I’m incredibly grateful for my family’s willingness to engage in crucial conversations. After years serving and observing as a hospice and palliative care social worker, I boldly support not waiting until it’s too late to start talking about advance care planning (ACP) and end-of-life planning. I recommend inviting the people who matter most to us to have these discussions so that we know how to advocate for them in the event of a medical crisis and they know how to do so for us. Is it as light and lovely as vacation planning? Probably not. But it is one of the greatest gifts we can give to the people we care about.

Making ACP approachable

We live in a society where people predominantly avoid the subjects of aging and death. This can make it very challenging to broach the subject of end-of-life preferences. But I tell people to start by simply opening the door, metaphorically and physically, and inviting people in to chat. This could be on your own or with the help of an ACP advocate.

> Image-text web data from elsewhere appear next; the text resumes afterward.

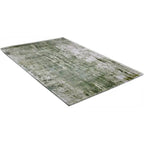Diagonaal aanzicht van het vloerkleed VALCERA in de kleur FC Groen, gemaakt van Viscose.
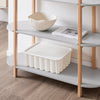 SoBuy HSTR01-H-HG Bibliothèque à 3 Niveaux, Étagère de Rangement, Étagère sur Pied en Bois à 3 Étages, Table d’Entrée, Table Console pour Salon, Bureau, Chambre, 100x33x88cm, Gris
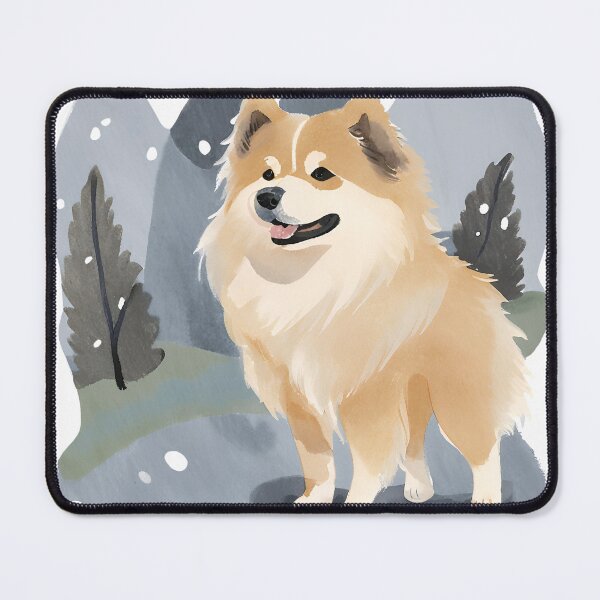 Item preview, Watercolour Finnish Lapphund designed and sold by TheresaNicole.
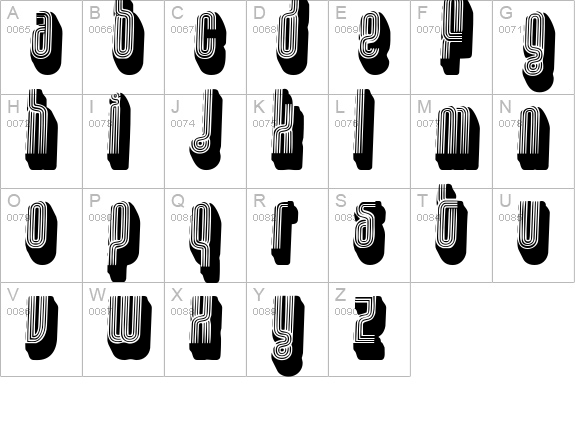 disco 3 fenotype uppercase A-Z preview
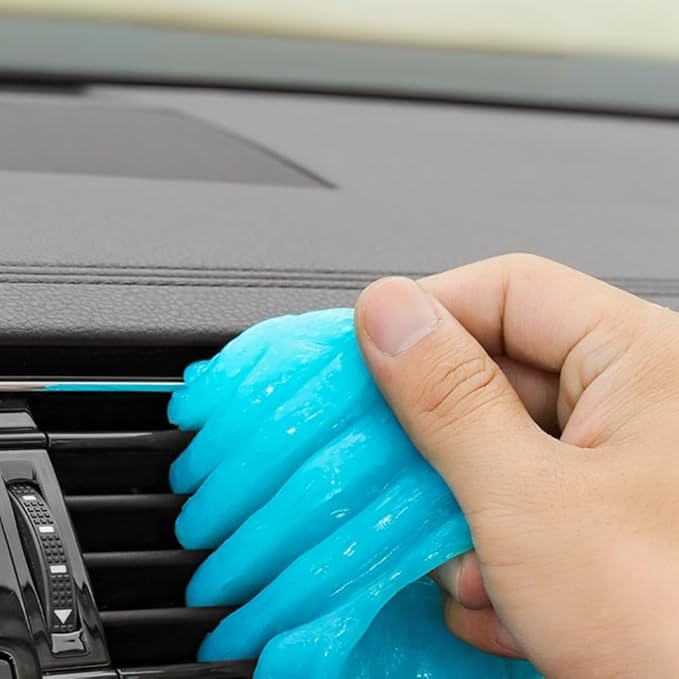 Reusable Car Cleaning Gel Slime Putty - Strong Adhesive Dust Cleaner for Auto Vents, Interior, Keyboards & Electronics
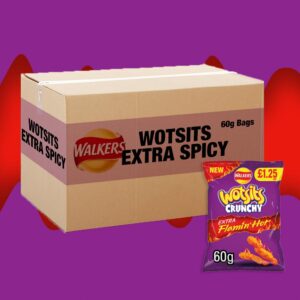 15x Wotsits Crunchy Extra Flamin' Hot 60g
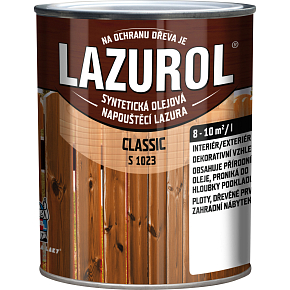 Lazurol Classic S1023 tenkovrstvá lazúra na drevo s obsahom olejov, 0025 sipo, 750 ml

The important thing is just to start, because these conversations evolve over time and are best when revisited as circumstances and expectations change.

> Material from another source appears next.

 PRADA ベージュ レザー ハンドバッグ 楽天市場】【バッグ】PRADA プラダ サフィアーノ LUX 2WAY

My mom used to tease, with some underpinnings of truth, that her end-of-life plan was for us to “put her on an iceberg with a polar bear.” She grew up in a home where talking about death and dying was not the norm, as their faith did not accept the reality of death. As she got older, and three of her five adult children worked in healthcare, Mom became more willing to engage in ACP discussions sans the polar bear. A big motivator for this shift was that we, as a family, began to normalize talking about sickness, dying and death. We invited her to have conversations, and over time, she was able to clearly identify the person she wanted to make healthcare decisions for her if she could not make her own and state what her treatment preferences were for future care.

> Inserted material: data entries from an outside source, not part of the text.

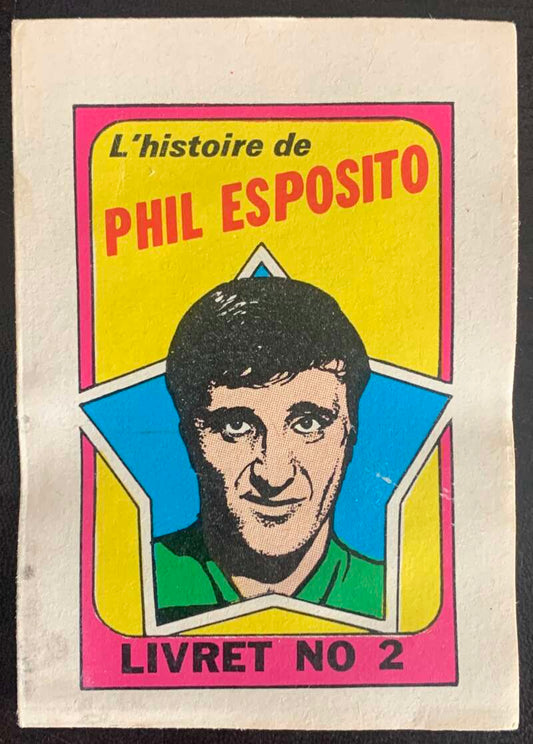 1971-72 O-Pee-Chee Booklets French #2 Phil Esposito    V54300 Image 1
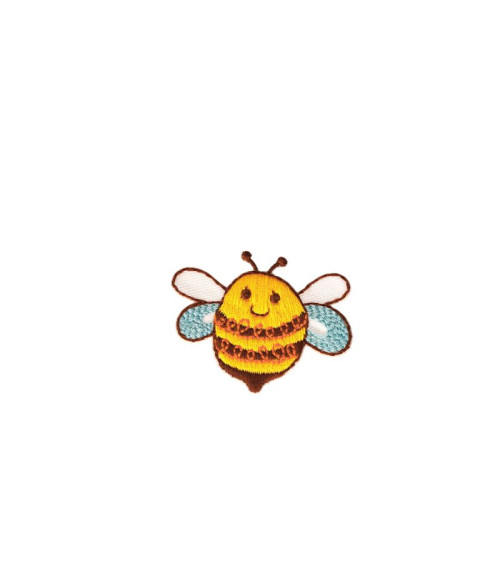 Set of 3 iron-on patches in the garden 4.5cm x3.3cm bee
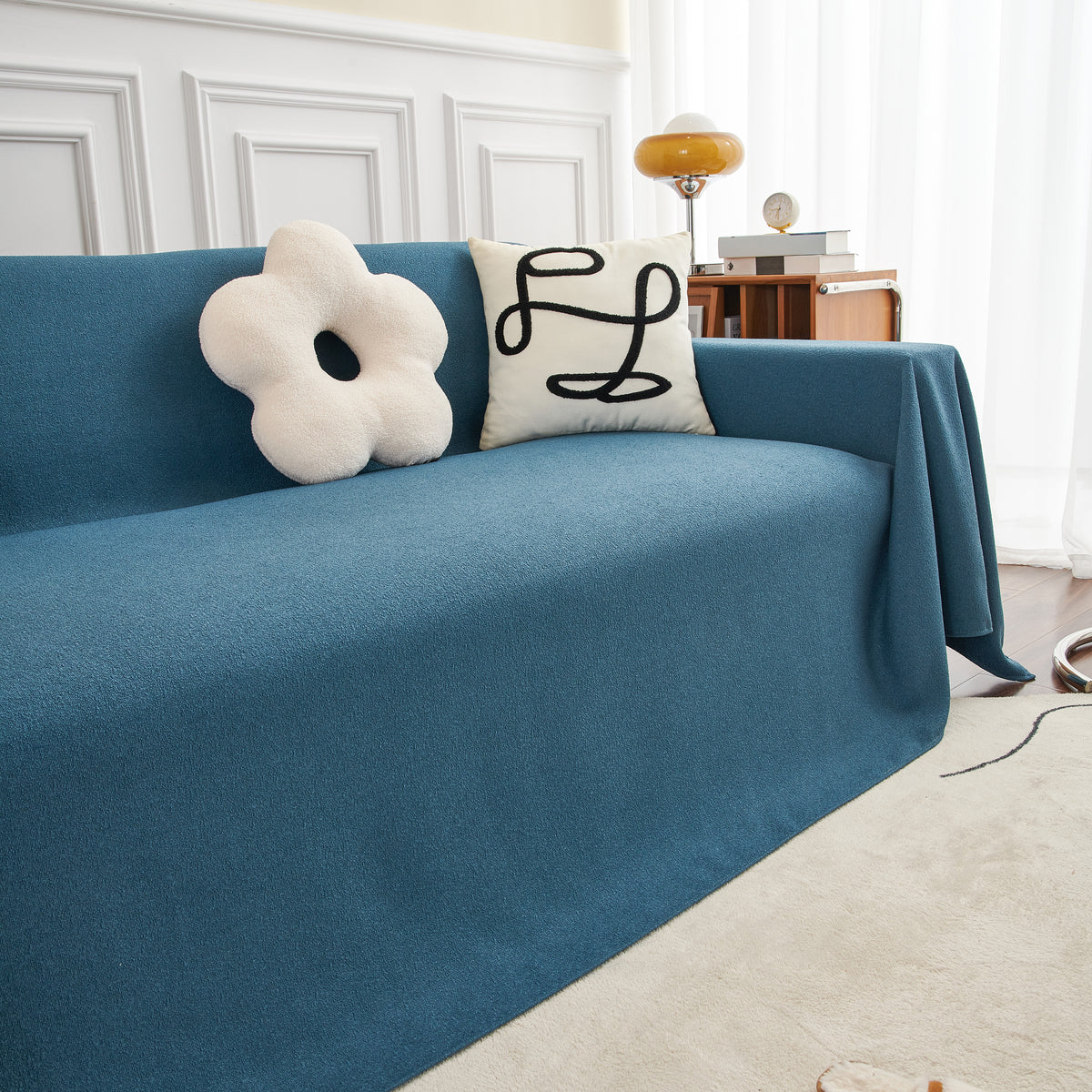 Teddy-Wurfdecke und stilvolle Abdeckung für das Sofa, wasserdichte Sof – Slipcover KAS™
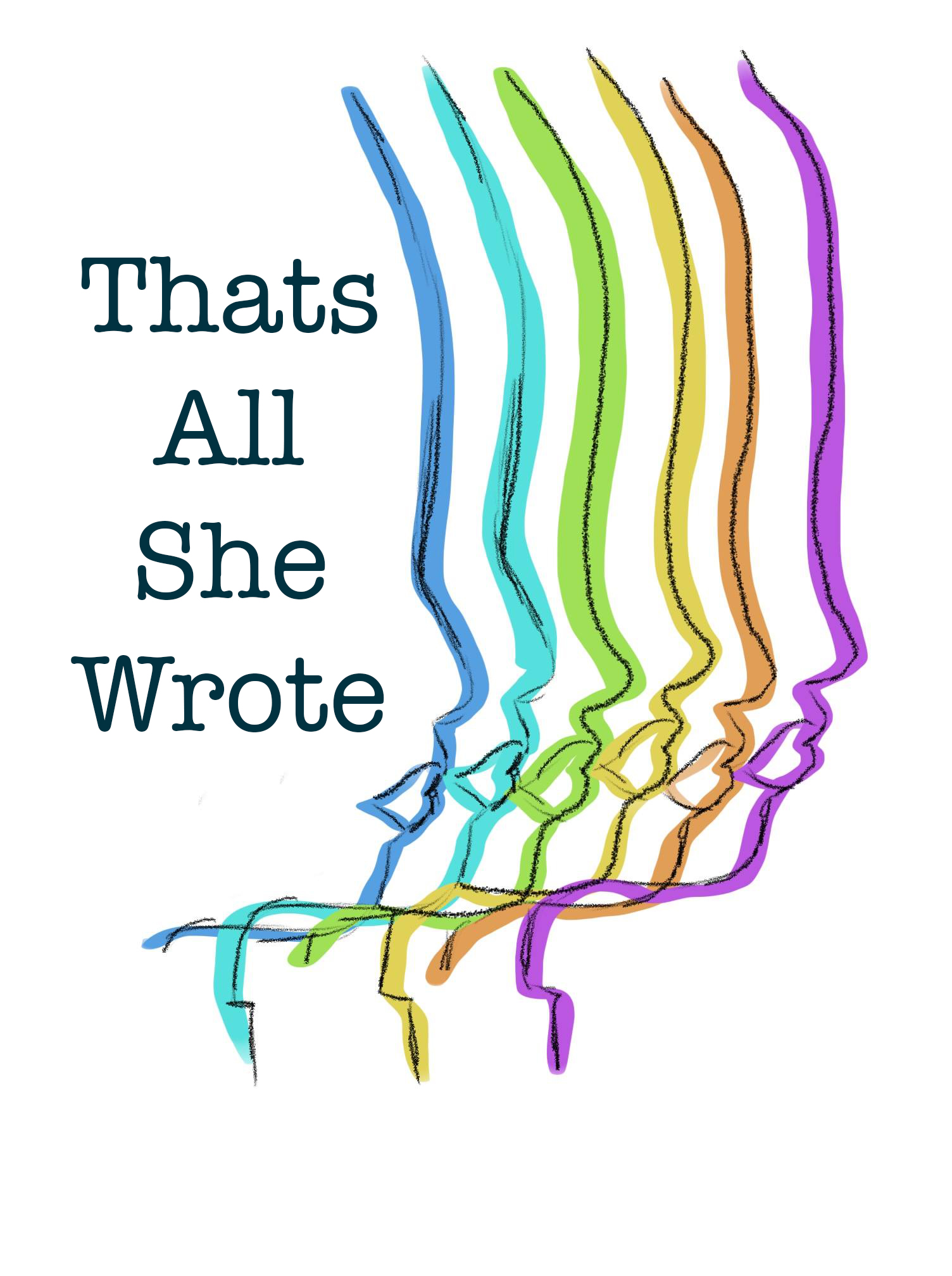GRAPHIC: "Thats all she wrote" text and female face silhouettes. GRAPHIC: Thats all she wrote text and female face silhouettes. Graphic by The Signal reporter Chelsea Hobbs.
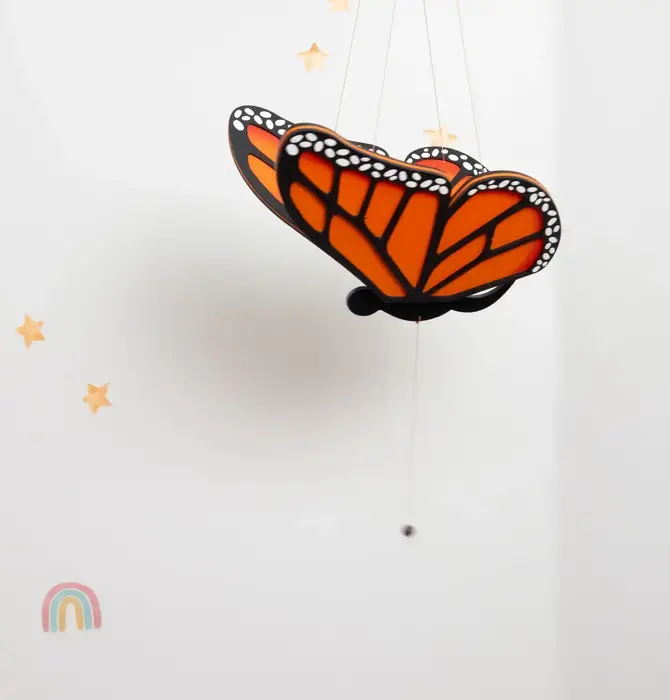 Mobile | Flying Monarch Butterfly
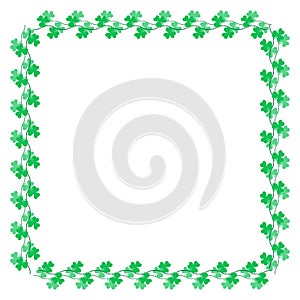 Shamrock border decoration for Saint Patrickâ€™s Day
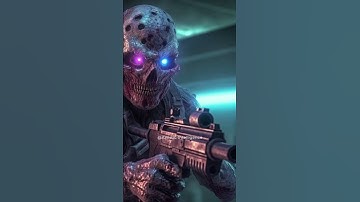 AI-generated space zombies! Watch as the future of technology collides with the undead. #shorts #ai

Setting the stage and starting the dialogue

You, too, should begin the conversation about advance care planning with your family and friends. If that makes you anxious or triggers you to feel overwhelmed, I want to offer some suggestions for broaching the subject from a different place.

Here are some ways you can start a crucial conversation in a format that feels good for you and your family:

  • Tee up the discussion in a neutral way. You don’t have to say, “Let’s have a difficult conversation and talk about your death.” These discussions should never be framed in a negative way. Rather, try beginning a dialogue with loved ones from the truth that completing ACP early allows you (and them) to think about and reflect on what is important when health changes, even though that may be years away.
  • Set the stage or take advantage of the situation. There are times when talking about death and dying fits seamlessly into a conversation or event. For example, if you learn of a sudden medical crisis with an acquaintance or friend, use the news to spark a discussion about what you would want in a similar situation. Similarly, there are settings and scenarios that support this type of intimate conversation. When walking and talking with a loved one, for instance, you can use the dedicated private time together to communicate about your wishes.
  • Dose these conversations out over time. You don’t have to tackle the entirety of your end-of-life wishes in one sitting or conversation. Talk a bit. If you start to feel overwhelmed or like you’ve made progress, leave it. Talk again when you’re ready.  
  • Emphasize key messages. ACP is good for all adults, regardless of age or health. We have a say in our care. Treatments only work if they work for us, each individually. We can change our minds. But it’s always imperative that you make the things that are most important to you known, so that the people who will be making decisions for you can be your voice. 
  • Lighten the emotional weight of the subject matter. If you struggle with the topic of end-of-life, as many do, there are games available to help guide the dialogue with a brighter approach. The Death Deck, Hello and Morbid Curiosity are great options. There are websites that offer resources like The Conversation Project Starter Kit.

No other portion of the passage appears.